Not all of the women in these new sci-fi and fantasy shorts—be they astronauts, fighter pilots, ambitious office workers, criminals, or just regular folks dealing with complicated emotions and surreal situations—are heroes. But isn’t life more interesting that way?
Divya More and Mayukh Goswami created this animated film (shared online by Dust) about a woman whose mind drifts back to her childhood in Bombay—including a mind-blowing visit to a planetarium with her parents—as she’s realizing her long-held ambition of blasting off into outer space.

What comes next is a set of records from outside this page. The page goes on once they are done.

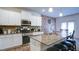 Elegant kitchen featuring granite countertops, stainless steel appliances, and a center island with barstool seating at 156 Woodhouse Cir, Acworth, GA 30102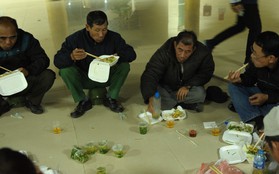 Nhiều người ngồi bệt ăn cơm, uống bia ngay tại sảnh trụ sở VFF chờ mua vé chung kết AFF Cup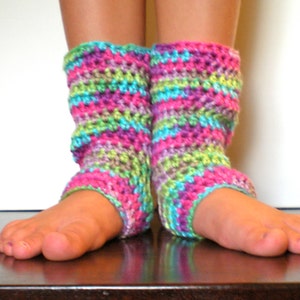 May include: A pair of colorful crocheted leg warmers in shades of pink, green, purple, and blue. The leg warmers are worn on a person's legs.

Another tale of a space-minded woman, this gorgeously shot Vimeo Staff Pick from Nuotama Frances Bodomo explores the very real Zambia Space Academy and its late-1960s goal of sending an astronaut (and a pair of cats) to the moon. Though Afronauts is styled as an experimental film, many of the facts it incorporates—like that Zambia’s chosen explorer was a teenage girl (played here by the stunning Diandra Forrest)—are absolutely true, and fascinating.
This Short of the Week selection was sent to io9 by filmmaker Michael Lukk Litwak, whose work we have featured before. Of all the films in this list, it’s the most (but not totally) dude-centric, but it’s so well-done we didn’t want to leave it out. It transforms the simple sci-fi set-up of space pilots chatting over the radio into a poignant but funny reflection on the loneliness that comes after friendships drift apart—as well as the importance of being open to making unexpected new connections.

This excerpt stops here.